Principle:Huggingface Datatrove Ray Distributed Execution
| Knowledge Sources | |
|---|---|
| Domains | Distributed Computing, Data Processing |
| Last Updated | 2026-02-14 17:00 GMT |
Overview
Ray Distributed Execution is the principle of distributing data processing pipeline tasks across a Ray cluster using placement groups, fault-tolerant task scheduling, and automatic retry mechanisms.
Description
In large-scale data processing, workloads must be distributed across many machines to achieve reasonable throughput. Ray provides a framework for distributed computing that abstracts away the complexity of resource management, task scheduling, and inter-node communication. The Ray Distributed Execution principle in datatrove leverages Ray's placement groups to ensure that tasks receive the exact resource allocation they need (CPUs, GPUs, memory) and that multi-node tasks are co-located on the correct set of machines.
A key aspect of this principle is fault tolerance. In cloud environments, worker nodes may be preempted or crash unexpectedly. The execution model handles this through retriable error classification (distinguishing Ray-level failures like preemption, actor crashes, and object loss from application-level errors) and automatic resubmission of failed tasks up to a configurable limit. Task timeouts provide an additional safety net, terminating and rescheduling tasks that exceed expected runtime.
Usage
Apply this principle when building distributed data pipelines that need to run reliably on elastic or spot-instance-based Ray clusters, where fault tolerance, resource management, and multi-node coordination are required.
Theoretical Basis
The Ray Distributed Execution approach in datatrove is built on several key concepts:
- Placement Groups: Ray's mechanism for reserving bundles of resources across nodes. Each task group reserves
nodes_per_taskbundles, ensuring resource isolation and co-location for multi-node workloads.
- Actor-Based Execution: Pipeline tasks run inside Ray actors (RankWorker), which maintain state across method calls and can be placed on specific nodes within a placement group. Each actor spawns a local process pool for running multiple ranks.
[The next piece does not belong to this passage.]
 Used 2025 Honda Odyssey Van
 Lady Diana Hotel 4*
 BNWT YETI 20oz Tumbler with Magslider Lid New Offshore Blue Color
- Asynchronous Task Management: Placement group creation and task dispatch happen asynchronously via a ThreadPoolExecutor, preventing the main scheduling loop from blocking while waiting for resource allocation.
- Retriable Error Classification: The system distinguishes between retriable errors (WorkerCrashedError, TaskCancelledError, ObjectLostError, RayActorError with preemption) and non-retriable application errors, only resubmitting tasks that failed due to infrastructure issues.
- Dependency Chaining: Executors can declare dependencies on other executors via the
dependsparameter, enabling multi-stage pipeline orchestration where later stages wait for earlier stages to complete.